### Task requirements
With the pictures omitted, print exactly the lines below, from the one containing "BRIGLIA | Cordhose PORTOBELLO | creme" through the one containing "3 BHK Monte", and nothing else.

### Supplied material
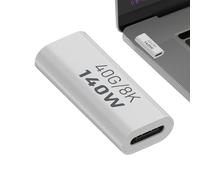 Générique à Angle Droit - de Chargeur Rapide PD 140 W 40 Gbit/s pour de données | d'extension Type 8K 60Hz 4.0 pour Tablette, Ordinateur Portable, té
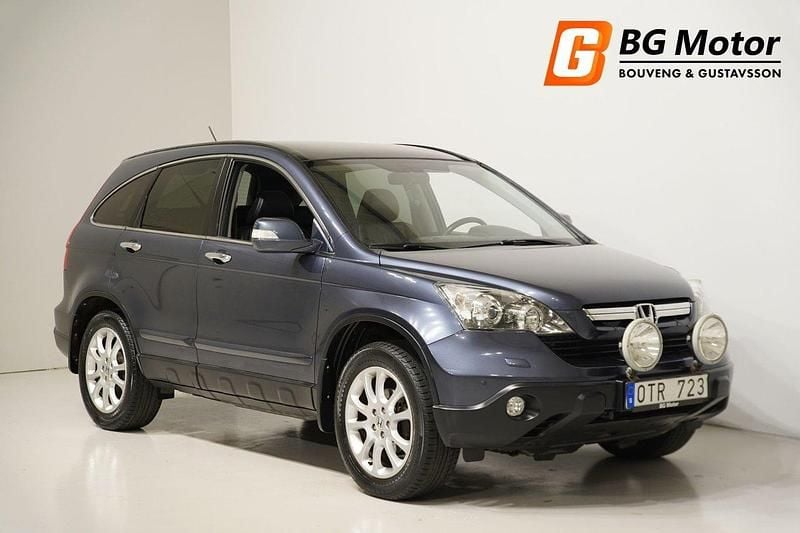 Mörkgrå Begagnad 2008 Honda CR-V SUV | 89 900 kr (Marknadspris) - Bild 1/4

...

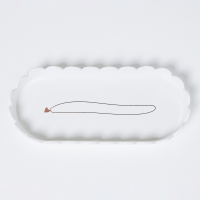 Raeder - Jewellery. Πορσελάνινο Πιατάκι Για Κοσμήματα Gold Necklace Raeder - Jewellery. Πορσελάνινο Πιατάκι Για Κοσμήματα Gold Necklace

--

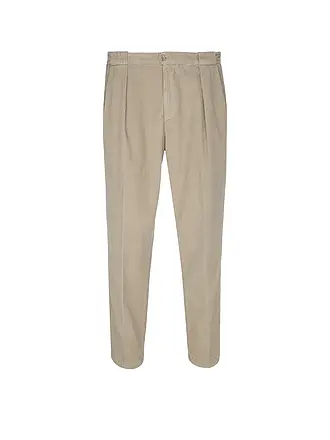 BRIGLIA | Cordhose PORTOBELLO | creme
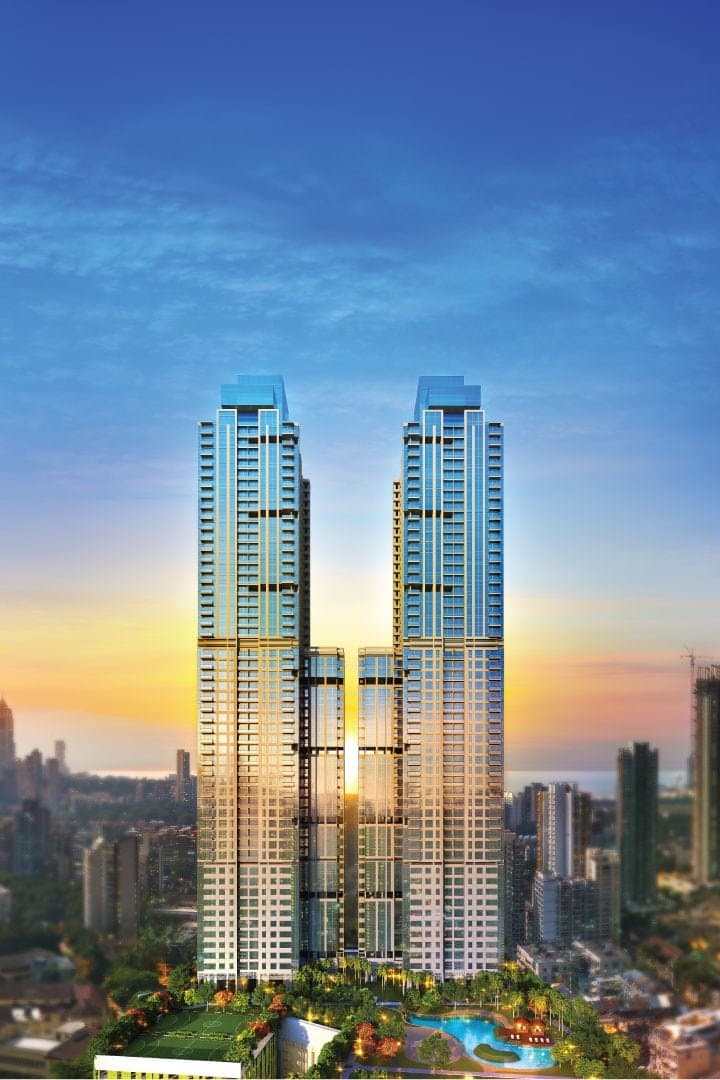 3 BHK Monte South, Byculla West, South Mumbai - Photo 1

### Your solution
 BRIGLIA | Cordhose PORTOBELLO | creme
 3 BHK Monte South, Byculla West, South Mumbai - Photo 1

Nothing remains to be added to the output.